Patricio Hurtado Escobar owns a physical shop and online outlet based out of Santiago, Chile, La Teteria.  To keep this short I'll skip adding more of his bio, and most framing and transition content, going straight to his input (offered as discussion, not really for blog publication):


It's a long history that began with the Gold rush in California.

By these days, English merchants come to Chile to feed the ships that came from the east ports of Boston and New York that need to cross to the Pacific ocean through the Strait of Magellan.

They settled in Punta  arenas; Valparaiso, Coquimbo, and other cities along the long Chilean shore.

These merchants introduce the costume of tea here and some taxes policies on yerba Mate do the rest.

Chileans replaced mate with tea, early in the beginning of twentieth century.

I suspect, according to some historical dates and British plantations development in India and Sri Lanka, that the first teas were hong chas from Wuyishan (in Fujian).

This is an hypothesis based on the strong predjudice here that only the dark, biggest and large leaves are the best tea.

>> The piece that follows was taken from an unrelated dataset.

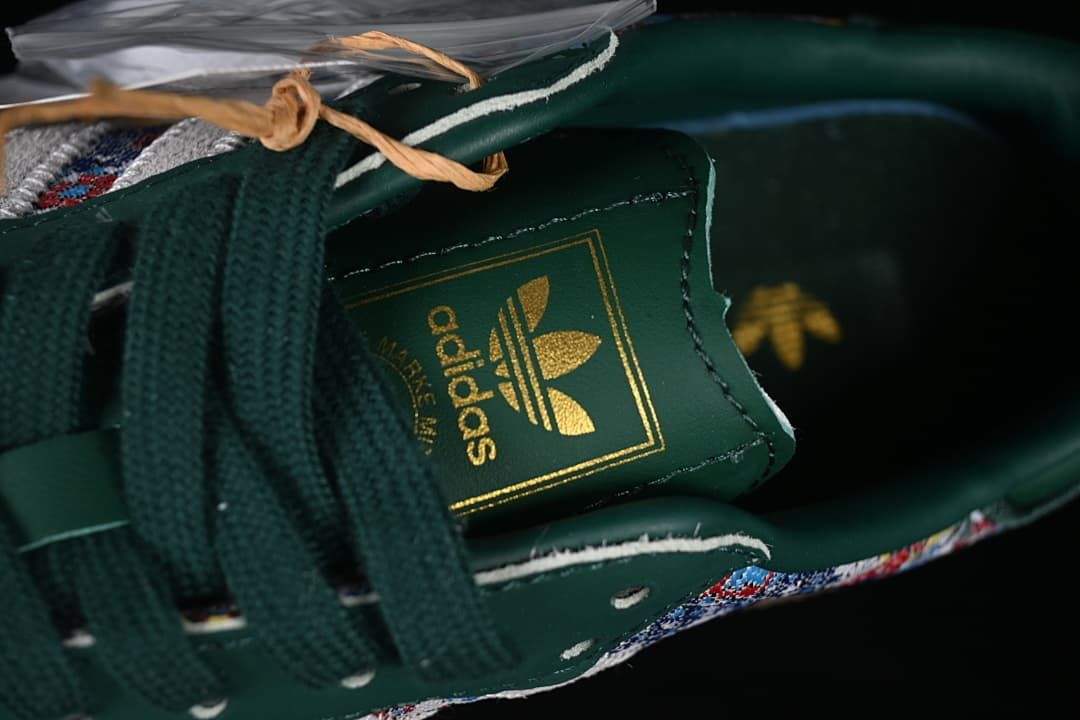 Close-up of the green tongue with gold adidas branding and dark green laces.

Dianhong was developed later in the second world war.

By the beginning of the 20 century, the Sri Lanka's teas were the most sought after teas here, and we are one of the most important clients for Ceylon teas.

However, we did not produce tea up to 2015.

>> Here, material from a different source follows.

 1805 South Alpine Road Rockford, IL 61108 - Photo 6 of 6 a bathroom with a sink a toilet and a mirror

Patricio mentioned a longer, more developed, and largely overlapping account of the tea history and present day status in Chile in the form of a Tea Journey article, from November of 2020.  Most of that content is in that article, just not all of it, for example the idea that Wuyishan black tea was a likely first imported type.  That production date is contradicted by mention of limited range tea production first planted in 2002, but that article cites that finished tea wasn't sold locally from that output, so differing time-frames could relate to a few factors.  


Villarrica tea bushes (photo provided for use by Patricio Hurtado Escobar)


That Tea Journey article covers just as much on present-day consumption--where this started--as the history, so if that's of interest it's a good reference for that.  If tea history is of interest, considering what was produced and demanded back in the 19th century, the looking up old texts from that time period on the Internet Archive can work, like this one, "Tea:  It's History and Mystery," published in 1892.  To discuss tea history, production, and local preferences / tea culture with people online a Facebook group that I moderate is perfect for that, International Tea Talk.  Searching old posts and discussion works well, since that has been going on there for years.


La Teteria shop photo (provided for use by Patricio Hurtado Escobar)


1 comment:

  1. Thanks for this John. My country, Chile is in fact a real exception in all the Americas and we love tea and we have adopted it as our main beverage over coffee and mate, so popular in neighbourhood countries.